L’éditeur Belin vient de lancer sous le titre de Frontières une nouvelle collection de géographie et de géopolitique. L’objet est  » d’observer les nouvelles configurations en cours d’édification  » à commencer par l’Europe (1er ouvrage de la collection). Il s’agit aussi d’étudier les grandes questions géopolitiques et le devenir des frontières aussi bien en Europe occidentale qu’en Europe balkanique, au Caucase (3ème ouvrage à paraître) ou au Proche-Orient, en Afrique (2ème ouvrage paru) ou en Asie. Enfin, seront analysées les compétitions pour les ressources (eau, énergie, diamants). Les auteurs des ouvrages sont des chercheurs géographes, politistes, sociologues, ethnologues proches de l’Observatoire Européen de Géopolitique de Lyon, fondé par Michel Foucher.

La collection Frontières s’ouvre sur l’Europe. Il s’agit de l’ouvrage de Michel FOUCHER déjà publié en septembre 1998 chez le même éditeur à la suite du FIG de Saint-Dié, à la différence près que les 10 cartes en couleur (une nouvelle carte sur les scénarios européens 2000-2020 a été ajoutée) sont regroupées dans un atlas au début du livre et que la bibliographie a été mise à jour. Le titre, La République européenne, renvoie à l’idée-clef du livre : l’unité européenne est un bien commun construit dans la diversité des Etats-nations. Le sous-titre Entre histoires et géographies a été supprimé, c’est dommage car il indiquait la démarche : une approche d’abord historique (ch. 1 et 2) afin d’inscrire l’Europe dans le temps, puis une analyse géographique (ch. 3 et 4) qui en montre les représentations et les limites spatiales, pour aboutir à une perspective géopolitique (ch. 5, 6 et 7) à plusieurs échelles.

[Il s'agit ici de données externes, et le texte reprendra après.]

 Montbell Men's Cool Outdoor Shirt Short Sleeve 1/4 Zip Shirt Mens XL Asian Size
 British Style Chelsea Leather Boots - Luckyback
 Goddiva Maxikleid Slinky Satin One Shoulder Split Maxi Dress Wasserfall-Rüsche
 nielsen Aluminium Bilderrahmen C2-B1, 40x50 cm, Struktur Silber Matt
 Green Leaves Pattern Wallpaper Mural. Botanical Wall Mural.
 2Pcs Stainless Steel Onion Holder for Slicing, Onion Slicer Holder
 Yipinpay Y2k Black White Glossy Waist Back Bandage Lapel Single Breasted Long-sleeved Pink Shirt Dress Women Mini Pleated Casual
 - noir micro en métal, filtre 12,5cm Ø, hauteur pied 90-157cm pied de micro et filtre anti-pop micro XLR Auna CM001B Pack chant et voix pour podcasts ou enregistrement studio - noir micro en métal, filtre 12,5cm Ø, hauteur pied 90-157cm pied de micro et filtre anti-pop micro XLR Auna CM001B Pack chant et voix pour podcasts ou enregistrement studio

Cet ouvrage est utile dans le cadre de la préparation des IEP. Il le sera aussi dans la perspective du futur programme d’histoire et de géographie de Première qui fait une place importante (toute la 5ème séquence) à la construction européenne et à la géopolitique de l’Europe contemporaine. On retiendra en particulier la carte des enjeux nationaux dans le continent européen, et celle du modèle géopolitique européen.